You brought a very good point. Actually I am looking for calculating confidence level between variables in datasets. I do have joined the data so my dataset does contain Year & Quarter together. In order to find the overlap of Mean in two datasets, I was thinking to take difference automatically thru code instead of visually looking at it. Also, I have more than 15 variables to compare for Null Hypothesis & Statistically signficance. What do you recommend regarding checking confidence level and whether Null Hypothesis is correct or not?
SAS Super FREQ

## Re: Taking difference of Median for 2 different datasets

The article I linked to has a discussion. It also provides links to the doc for PROC NPAR1WAY, which contains many tests for medians, including the WILCOXON option requests the Wilcoxon test with the MEDIAN option, which requests the median test for difference in location.

Be sure to read the section of the NPAR1WAY doc about multiple comparisons and the DSCF option.
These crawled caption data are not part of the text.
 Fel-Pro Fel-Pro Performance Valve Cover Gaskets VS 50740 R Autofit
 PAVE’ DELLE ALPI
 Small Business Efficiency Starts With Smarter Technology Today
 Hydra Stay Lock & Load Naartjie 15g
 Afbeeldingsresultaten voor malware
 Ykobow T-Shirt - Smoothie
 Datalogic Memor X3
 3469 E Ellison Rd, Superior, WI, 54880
You need to adjust for multiple comparisons if you have 15 class levels.

Fluorite | Level 6

## Re: Taking difference of Median for 2 different datasets

would you characterize proc quantreg as "median difference was determined by using quantile regression"? Would you expect to see similar significance values as mannU? Is there much a difference between the two?

SAS Super FREQ

## Re: Taking difference of Median for 2 different datasets

> would you characterize proc quantreg as "median difference was determined by using quantile regression"?

Yes.

> Would you expect to see similar significance values as mannU?

In many cases, yes. But for some data, one MannU might be significant and QUANTREG be no significant, or vice versa. For an example that uses normality tests, see "How often do different statistical tests agree?"
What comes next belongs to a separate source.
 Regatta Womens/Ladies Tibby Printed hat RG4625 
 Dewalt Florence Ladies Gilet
> Is there much a difference between the two?

Mathematically? Yes. In terms of testing the median difference, both should be usable in practice and help guide to you make valid inferences.
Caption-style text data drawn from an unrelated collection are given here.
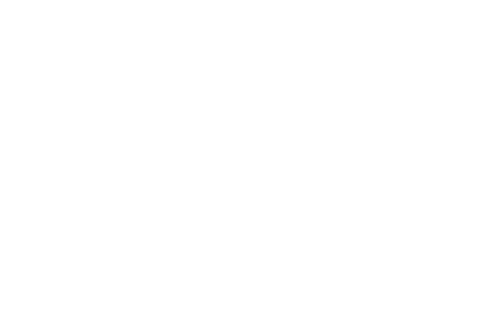 hands holding exam text sign on transparent background - Download Free Stock Videos Pikwizard.com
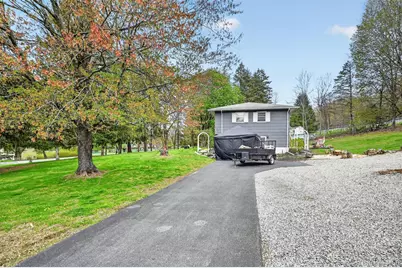 5 Regelski Drive, Call Listing Agent, NY 10921 - Photo 40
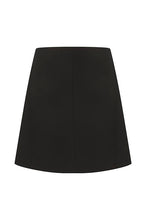 Load image into Gallery viewer, SLCorinne Aline Skirt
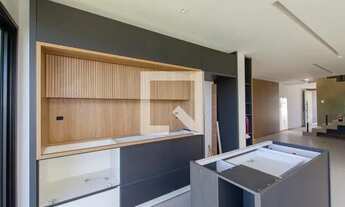 Imagem 5: Casa para Aluguel - Rio Tavares, 3 Quartos, 145 m2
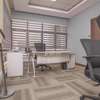 office for rent in Kilimani thumb 7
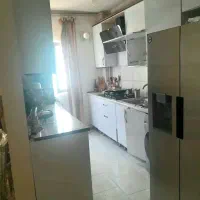 پردیس آماده سکونت ۸۷ متر / خریدار یکروزه|فروش آپارتمان|پردیس, فاز ۱۱|دیوار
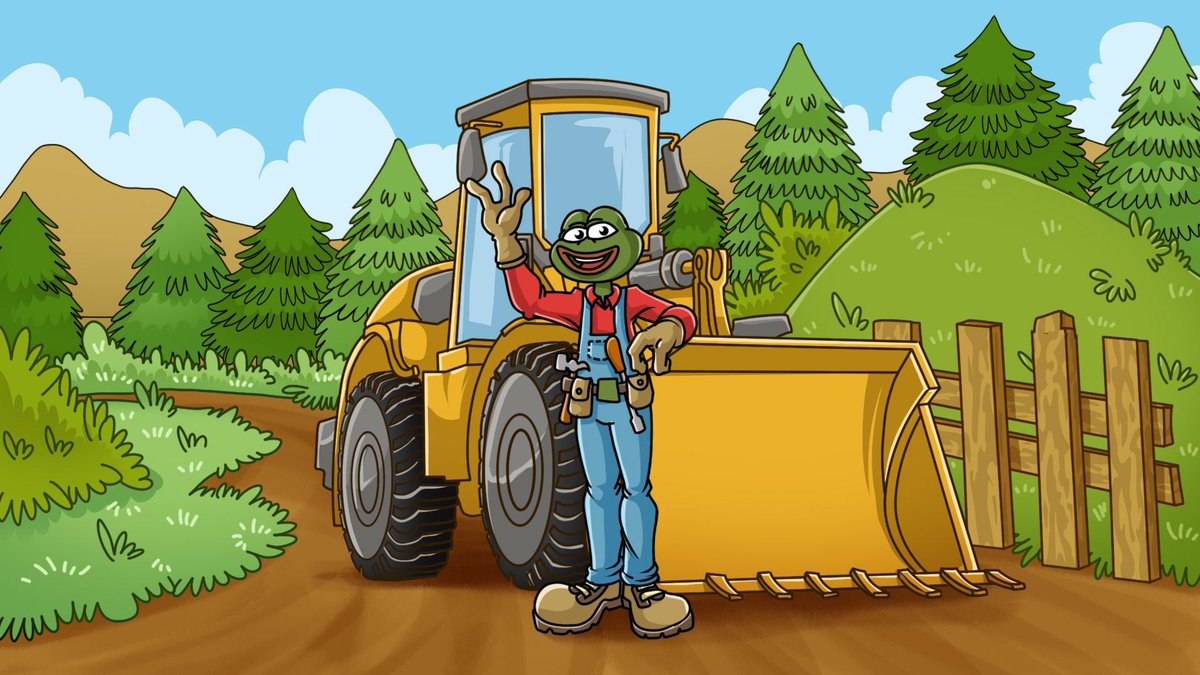 GM Yield Farmers!!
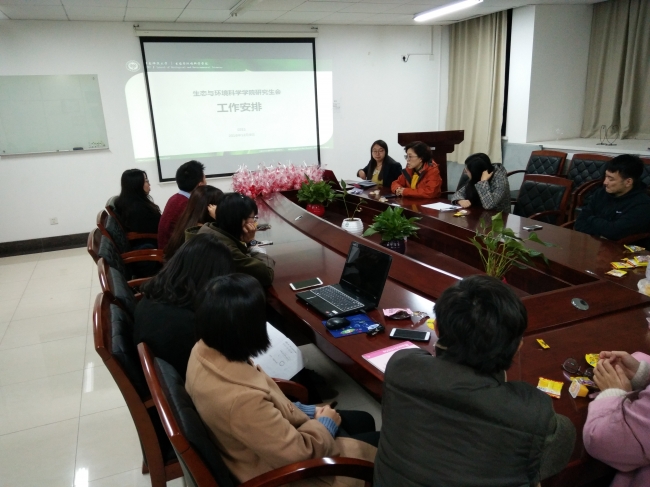 383718912344828511 383718912344828511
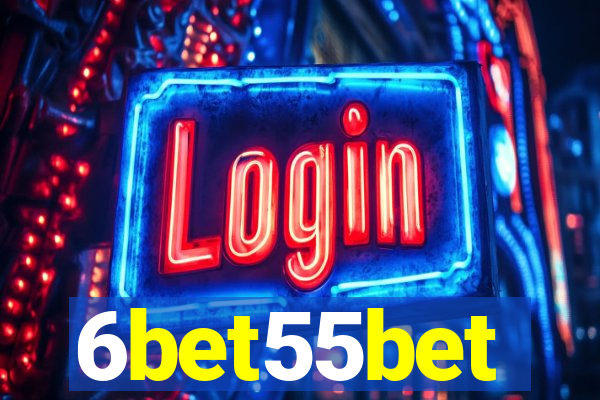 6bet55bet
Is there much a difference between the two?

Fluorite | Level 6

## Re: Taking difference of Median for 2 different datasets

Thank you for taking time to reply. I just posted a new question regrading this topic, with my data, code, and results. If you do have a chance, I would appreciate your thoughts.

https://communities.sas.com/t5/Statistical-Procedures/Quantile-Regression-and-MannU-test-for-median-...

Super User

## Re: Taking difference of Median for 2 different datasets

You need to provide more details but taking the difference is a trivial operation that may not need a macro.

• What makes you think you need a macro? Most of the time it's simpler to not use macros, they're harder to debug and maintain over time.
• How many variables are you dealing with?If one variable this is easy, if for 200, slightly different approach needed.
• Do the variables have any naming conventions? This can make it easier to code.
• How many observations? Larger data may need a different approach for efficiency.
• Do you need to do this dynamically in the future, ie auto calculate the latest quarter and difference those?
• What version of SAS are you using? In SAS 9.4+ the Median function is valid in SQL, it's not available in prior versions.

@Flyer2345 wrote:

Hi,

I have a financial dataset which is split by 2018Q1 and 2019Q1 and I need to find the difference of Median between two datasets. I can use proc means and by YearQtr however it brings PROC MEANS results for 2018Q1 and 2019Q1 and I have to do manually difference between two datasets. I am looking for a Macro that basically takes PROC Means results and put them in Array and then take difference and spit out MEDIAN for first dataset (i.e. 2018Q1), MEDIAN for second dataset (i.e. 2019Q1) and associated difference.